Note
Go to the end to download the full example code.
EnsembleStat: Using Python Embedding for Aerosol Optical Depth
model_applications/air_quality_and_comp/EnsembleStat_fcstICAP_obsMODIS_aod.conf
Scientific Objective
To provide useful statistical information on the relationship between observation data for aersol optical depth (AOD) to an ensemble forecast. These values can be used to help correct ensemble member deviations from observed values.
Version Added
METplus version 4.0
Datasets
Forecast: International Cooperative for Aerosol Prediction (ICAP) ensemble netCDF file, 7 members
Observation: Aggregate netCDF file with MODIS observed AOD field
Climatology: None
Location: All of the input data required for this use case can be found in a sample data tarball. Each use case category will have one or more sample data tarballs. It is only necessary to download the tarball with the use case’s dataset and not the entire collection of sample data.
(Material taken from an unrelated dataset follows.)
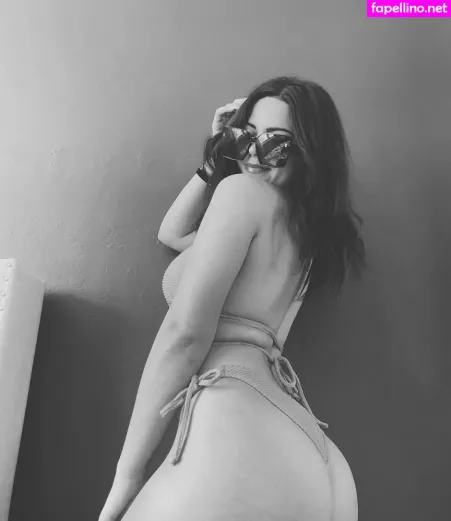 Emiliee Russo OnlyFans Thumbnail #3flIlRJQfT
Click here to access the METplus releases page and download sample data for the appropriate release: https://github.com/dtcenter/METplus/releases This tarball should be unpacked into the directory that you will set the value of INPUT_BASE. See Running METplus section for more information.
METplus Components
This use case utilizes the METplus EnsembleStat wrapper to read in files using Python Embedding.
METplus Workflow
Beginning time (INIT_BEG): 201608150000
End time (INIT_END): 201608150000
Increment between beginning and end times (INIT_INCREMENT): 06H
Sequence of forecast leads to process (LEAD_SEQ): 12H
EnsembleStat is the only tool called in this example. It processes a single run time with seven ensemble members, with each ensemble member receiving its own verification. Preprocessing of the ensemble forecast data is completed with Python Embedding, which takes 4 inputs: the full path to the forecast file, variable name, valid time of verification, and ensemble member number. The script passes back the variable field requested to EnsembleStat for verification. A similar process is completed for the observation data, which is preprocessed by a separate Python Embedding script which takes 3 inputs: the full path to the observation file, group name that contains the variable field, and variable name. The script passes back the requested variable field and begins the verification process. Three of the ensemble members do not have data for the AOD field, so EnsembleStat will only process four of the members for statistics. After a successful run, EnsembleStat will create the requested output and its corresponding files.
METplus Configuration
METplus first loads all of the configuration files found in parm/metplus_config, then it loads any configuration files passed to METplus via the command line, i.e. parm/use_cases/model_applications/air_quality_and_comp/EnsembleStat_fcstICAP_obsMODIS_aod.conf
[config]
# Documentation for this use case can be found at
# https://metplus.readthedocs.io/en/latest/generated/model_applications/air_quality_and_comp/EnsembleStat_fcstICAP_obsMODIS_aod.html
# For additional information, please see the METplus Users Guide.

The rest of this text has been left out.